[Data Boundary: Start]

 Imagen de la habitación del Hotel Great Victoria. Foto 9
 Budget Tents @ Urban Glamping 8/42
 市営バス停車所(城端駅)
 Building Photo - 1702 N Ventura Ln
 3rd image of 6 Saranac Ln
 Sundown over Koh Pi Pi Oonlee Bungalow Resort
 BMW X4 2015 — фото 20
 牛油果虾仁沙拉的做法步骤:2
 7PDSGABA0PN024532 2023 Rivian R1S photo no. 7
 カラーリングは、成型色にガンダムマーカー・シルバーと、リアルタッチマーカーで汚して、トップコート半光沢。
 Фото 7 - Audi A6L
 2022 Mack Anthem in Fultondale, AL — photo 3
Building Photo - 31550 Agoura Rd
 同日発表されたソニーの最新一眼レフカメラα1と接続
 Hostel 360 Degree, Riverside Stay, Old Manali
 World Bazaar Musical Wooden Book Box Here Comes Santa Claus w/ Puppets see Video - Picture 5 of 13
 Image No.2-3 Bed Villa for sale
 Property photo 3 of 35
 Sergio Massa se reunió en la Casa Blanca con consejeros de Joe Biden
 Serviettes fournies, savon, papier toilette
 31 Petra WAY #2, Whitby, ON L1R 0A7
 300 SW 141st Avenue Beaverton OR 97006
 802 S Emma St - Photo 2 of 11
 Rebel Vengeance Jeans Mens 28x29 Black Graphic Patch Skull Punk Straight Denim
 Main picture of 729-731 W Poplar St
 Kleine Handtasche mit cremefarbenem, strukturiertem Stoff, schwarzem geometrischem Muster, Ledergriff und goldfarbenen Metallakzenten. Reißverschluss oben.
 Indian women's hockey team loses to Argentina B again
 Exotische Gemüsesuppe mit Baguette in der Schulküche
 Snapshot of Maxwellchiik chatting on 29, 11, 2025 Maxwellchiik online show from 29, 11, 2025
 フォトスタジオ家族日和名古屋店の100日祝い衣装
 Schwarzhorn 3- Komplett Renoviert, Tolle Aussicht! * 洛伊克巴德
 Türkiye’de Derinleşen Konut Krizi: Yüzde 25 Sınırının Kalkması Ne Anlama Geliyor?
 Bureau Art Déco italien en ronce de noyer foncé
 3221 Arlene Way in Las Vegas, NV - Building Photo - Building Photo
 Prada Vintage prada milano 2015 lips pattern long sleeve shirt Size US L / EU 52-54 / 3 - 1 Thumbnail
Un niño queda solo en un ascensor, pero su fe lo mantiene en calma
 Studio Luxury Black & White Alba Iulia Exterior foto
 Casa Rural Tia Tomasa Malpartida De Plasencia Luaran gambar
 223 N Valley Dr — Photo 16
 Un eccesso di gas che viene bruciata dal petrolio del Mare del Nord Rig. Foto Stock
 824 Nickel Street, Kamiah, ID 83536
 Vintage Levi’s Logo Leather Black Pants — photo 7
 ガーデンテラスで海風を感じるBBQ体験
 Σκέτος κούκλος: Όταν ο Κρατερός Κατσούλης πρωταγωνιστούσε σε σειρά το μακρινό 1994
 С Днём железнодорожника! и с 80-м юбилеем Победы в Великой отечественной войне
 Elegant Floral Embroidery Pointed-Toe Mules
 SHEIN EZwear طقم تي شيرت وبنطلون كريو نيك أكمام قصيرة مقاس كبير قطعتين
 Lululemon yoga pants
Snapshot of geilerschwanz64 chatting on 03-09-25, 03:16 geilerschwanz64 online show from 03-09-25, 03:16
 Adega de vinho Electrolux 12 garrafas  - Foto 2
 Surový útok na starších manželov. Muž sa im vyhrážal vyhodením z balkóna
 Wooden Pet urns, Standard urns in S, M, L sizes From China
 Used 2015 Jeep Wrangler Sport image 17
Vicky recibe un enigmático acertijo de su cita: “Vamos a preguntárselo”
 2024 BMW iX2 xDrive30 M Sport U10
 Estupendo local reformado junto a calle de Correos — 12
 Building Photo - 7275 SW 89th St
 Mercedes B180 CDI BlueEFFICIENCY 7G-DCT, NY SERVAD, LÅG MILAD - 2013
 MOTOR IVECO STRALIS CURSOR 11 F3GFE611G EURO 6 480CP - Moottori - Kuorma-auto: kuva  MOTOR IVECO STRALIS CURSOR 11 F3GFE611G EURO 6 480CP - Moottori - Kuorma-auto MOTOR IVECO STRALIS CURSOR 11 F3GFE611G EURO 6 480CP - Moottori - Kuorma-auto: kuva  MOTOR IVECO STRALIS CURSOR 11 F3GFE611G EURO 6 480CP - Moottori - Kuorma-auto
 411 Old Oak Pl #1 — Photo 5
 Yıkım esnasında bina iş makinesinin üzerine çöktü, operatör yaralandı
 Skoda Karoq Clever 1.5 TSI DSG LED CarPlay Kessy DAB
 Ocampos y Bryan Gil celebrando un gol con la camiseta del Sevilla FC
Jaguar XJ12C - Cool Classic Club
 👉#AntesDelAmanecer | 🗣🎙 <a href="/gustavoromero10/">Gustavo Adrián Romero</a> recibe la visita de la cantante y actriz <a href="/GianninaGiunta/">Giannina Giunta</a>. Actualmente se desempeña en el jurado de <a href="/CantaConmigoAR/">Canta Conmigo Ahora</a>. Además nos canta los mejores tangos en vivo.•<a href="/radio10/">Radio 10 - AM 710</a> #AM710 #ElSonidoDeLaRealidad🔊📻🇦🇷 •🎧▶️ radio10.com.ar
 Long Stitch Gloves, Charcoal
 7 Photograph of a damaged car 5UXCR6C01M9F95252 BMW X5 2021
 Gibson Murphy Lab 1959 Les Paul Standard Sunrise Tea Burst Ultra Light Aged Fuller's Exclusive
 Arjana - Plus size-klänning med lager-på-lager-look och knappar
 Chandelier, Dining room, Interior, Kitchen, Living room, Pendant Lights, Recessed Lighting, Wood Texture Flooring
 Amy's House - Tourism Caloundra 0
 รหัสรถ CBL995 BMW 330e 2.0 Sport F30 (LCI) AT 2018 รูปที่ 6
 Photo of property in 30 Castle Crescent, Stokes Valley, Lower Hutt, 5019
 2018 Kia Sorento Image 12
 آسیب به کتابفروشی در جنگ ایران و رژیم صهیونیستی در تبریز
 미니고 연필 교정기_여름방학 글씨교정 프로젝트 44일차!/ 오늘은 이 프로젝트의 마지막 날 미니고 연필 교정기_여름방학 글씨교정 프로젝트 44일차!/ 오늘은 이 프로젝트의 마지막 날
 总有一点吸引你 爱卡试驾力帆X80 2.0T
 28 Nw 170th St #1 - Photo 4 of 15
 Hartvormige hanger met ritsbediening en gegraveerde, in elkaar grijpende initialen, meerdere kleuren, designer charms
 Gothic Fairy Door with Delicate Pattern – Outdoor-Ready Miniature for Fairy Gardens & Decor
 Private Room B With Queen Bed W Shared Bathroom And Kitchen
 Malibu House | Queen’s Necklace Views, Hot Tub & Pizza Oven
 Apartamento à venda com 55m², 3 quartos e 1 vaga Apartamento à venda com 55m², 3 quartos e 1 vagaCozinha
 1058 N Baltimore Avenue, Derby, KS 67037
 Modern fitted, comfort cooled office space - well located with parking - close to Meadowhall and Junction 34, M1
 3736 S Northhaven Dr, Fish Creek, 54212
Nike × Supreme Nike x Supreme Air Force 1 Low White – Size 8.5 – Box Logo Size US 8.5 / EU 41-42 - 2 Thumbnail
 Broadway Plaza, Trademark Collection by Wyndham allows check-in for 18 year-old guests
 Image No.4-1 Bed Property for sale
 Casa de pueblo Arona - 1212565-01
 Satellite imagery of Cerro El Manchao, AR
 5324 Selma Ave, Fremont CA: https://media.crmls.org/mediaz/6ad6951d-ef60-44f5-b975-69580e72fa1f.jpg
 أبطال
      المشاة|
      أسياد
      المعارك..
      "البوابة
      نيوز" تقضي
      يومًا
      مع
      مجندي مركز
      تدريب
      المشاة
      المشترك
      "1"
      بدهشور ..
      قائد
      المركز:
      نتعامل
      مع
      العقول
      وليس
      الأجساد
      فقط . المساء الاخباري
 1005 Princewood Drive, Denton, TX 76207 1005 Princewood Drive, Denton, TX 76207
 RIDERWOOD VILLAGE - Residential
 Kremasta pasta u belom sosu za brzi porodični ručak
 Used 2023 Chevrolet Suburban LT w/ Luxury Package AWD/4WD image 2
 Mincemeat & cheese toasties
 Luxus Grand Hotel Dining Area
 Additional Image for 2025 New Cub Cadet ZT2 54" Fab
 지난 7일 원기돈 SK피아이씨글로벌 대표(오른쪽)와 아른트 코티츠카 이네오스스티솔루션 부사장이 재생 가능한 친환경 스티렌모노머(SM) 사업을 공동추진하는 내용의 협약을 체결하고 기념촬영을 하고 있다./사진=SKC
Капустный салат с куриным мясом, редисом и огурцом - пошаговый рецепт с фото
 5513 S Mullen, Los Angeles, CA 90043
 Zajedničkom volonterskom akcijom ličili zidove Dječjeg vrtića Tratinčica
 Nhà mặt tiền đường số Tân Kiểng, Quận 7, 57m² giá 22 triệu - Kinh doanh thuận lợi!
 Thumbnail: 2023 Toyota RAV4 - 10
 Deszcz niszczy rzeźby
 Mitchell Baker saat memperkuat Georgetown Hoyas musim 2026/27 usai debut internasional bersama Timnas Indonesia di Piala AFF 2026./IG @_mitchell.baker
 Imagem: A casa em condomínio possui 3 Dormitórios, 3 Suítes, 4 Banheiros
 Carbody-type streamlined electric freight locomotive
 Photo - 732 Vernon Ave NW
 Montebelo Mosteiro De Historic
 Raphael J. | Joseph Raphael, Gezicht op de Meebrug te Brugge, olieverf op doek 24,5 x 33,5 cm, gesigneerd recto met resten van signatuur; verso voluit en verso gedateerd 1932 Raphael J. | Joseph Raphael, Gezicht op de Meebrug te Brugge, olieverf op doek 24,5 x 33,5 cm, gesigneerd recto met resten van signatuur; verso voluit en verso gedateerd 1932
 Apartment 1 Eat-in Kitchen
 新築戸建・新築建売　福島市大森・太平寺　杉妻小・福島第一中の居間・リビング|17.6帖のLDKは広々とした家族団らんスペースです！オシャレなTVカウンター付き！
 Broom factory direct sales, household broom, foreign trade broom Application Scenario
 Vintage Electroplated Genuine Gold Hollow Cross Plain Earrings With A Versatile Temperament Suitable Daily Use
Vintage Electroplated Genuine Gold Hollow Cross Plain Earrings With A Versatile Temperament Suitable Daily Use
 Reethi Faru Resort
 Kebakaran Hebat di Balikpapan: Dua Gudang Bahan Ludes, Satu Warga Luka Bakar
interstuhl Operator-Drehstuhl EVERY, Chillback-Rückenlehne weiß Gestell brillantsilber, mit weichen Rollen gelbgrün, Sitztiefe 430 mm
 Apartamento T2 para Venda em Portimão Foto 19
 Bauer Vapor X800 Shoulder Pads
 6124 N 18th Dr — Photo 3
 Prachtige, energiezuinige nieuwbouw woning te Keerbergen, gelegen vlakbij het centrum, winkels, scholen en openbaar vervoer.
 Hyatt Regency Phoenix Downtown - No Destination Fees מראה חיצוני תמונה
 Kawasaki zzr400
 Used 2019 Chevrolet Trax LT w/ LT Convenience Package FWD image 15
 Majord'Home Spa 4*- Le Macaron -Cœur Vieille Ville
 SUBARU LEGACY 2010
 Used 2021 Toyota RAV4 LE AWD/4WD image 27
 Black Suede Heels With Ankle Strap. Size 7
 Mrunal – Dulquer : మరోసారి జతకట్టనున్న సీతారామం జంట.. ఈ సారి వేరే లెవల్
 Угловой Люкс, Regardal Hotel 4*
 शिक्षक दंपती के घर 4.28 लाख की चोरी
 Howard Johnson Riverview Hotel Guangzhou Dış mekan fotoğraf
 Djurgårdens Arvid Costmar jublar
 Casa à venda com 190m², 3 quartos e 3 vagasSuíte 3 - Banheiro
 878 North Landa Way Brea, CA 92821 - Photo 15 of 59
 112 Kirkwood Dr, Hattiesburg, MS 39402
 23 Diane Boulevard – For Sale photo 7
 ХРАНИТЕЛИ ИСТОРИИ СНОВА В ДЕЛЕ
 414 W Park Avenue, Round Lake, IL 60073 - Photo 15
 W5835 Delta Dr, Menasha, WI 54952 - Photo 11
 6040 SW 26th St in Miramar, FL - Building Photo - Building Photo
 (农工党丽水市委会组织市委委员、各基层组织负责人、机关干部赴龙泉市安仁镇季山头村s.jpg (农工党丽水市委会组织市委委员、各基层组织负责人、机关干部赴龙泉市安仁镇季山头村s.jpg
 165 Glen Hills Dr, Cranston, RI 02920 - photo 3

[Data Boundary: End]

**What the exercise asks**
Starting with the first line of the entries, transcribe every line up to and including the one with "Un niño queda".

**Solved exercise**
 Imagen de la habitación del Hotel Great Victoria. Foto 9
 Budget Tents @ Urban Glamping 8/42
 市営バス停車所(城端駅)
 Building Photo - 1702 N Ventura Ln
 3rd image of 6 Saranac Ln
 Sundown over Koh Pi Pi Oonlee Bungalow Resort
 BMW X4 2015 — фото 20
 牛油果虾仁沙拉的做法步骤:2
 7PDSGABA0PN024532 2023 Rivian R1S photo no. 7
 カラーリングは、成型色にガンダムマーカー・シルバーと、リアルタッチマーカーで汚して、トップコート半光沢。
 Фото 7 - Audi A6L
 2022 Mack Anthem in Fultondale, AL — photo 3
Building Photo - 31550 Agoura Rd
 同日発表されたソニーの最新一眼レフカメラα1と接続
 Hostel 360 Degree, Riverside Stay, Old Manali
 World Bazaar Musical Wooden Book Box Here Comes Santa Claus w/ Puppets see Video - Picture 5 of 13
 Image No.2-3 Bed Villa for sale
 Property photo 3 of 35
 Sergio Massa se reunió en la Casa Blanca con consejeros de Joe Biden
 Serviettes fournies, savon, papier toilette
 31 Petra WAY #2, Whitby, ON L1R 0A7
 300 SW 141st Avenue Beaverton OR 97006
 802 S Emma St - Photo 2 of 11
 Rebel Vengeance Jeans Mens 28x29 Black Graphic Patch Skull Punk Straight Denim
 Main picture of 729-731 W Poplar St
 Kleine Handtasche mit cremefarbenem, strukturiertem Stoff, schwarzem geometrischem Muster, Ledergriff und goldfarbenen Metallakzenten. Reißverschluss oben.
 Indian women's hockey team loses to Argentina B again
 Exotische Gemüsesuppe mit Baguette in der Schulküche
 Snapshot of Maxwellchiik chatting on 29, 11, 2025 Maxwellchiik online show from 29, 11, 2025
 フォトスタジオ家族日和名古屋店の100日祝い衣装
 Schwarzhorn 3- Komplett Renoviert, Tolle Aussicht! * 洛伊克巴德
 Türkiye’de Derinleşen Konut Krizi: Yüzde 25 Sınırının Kalkması Ne Anlama Geliyor?
 Bureau Art Déco italien en ronce de noyer foncé
 3221 Arlene Way in Las Vegas, NV - Building Photo - Building Photo
 Prada Vintage prada milano 2015 lips pattern long sleeve shirt Size US L / EU 52-54 / 3 - 1 Thumbnail
Un niño queda solo en un ascensor, pero su fe lo mantiene en calma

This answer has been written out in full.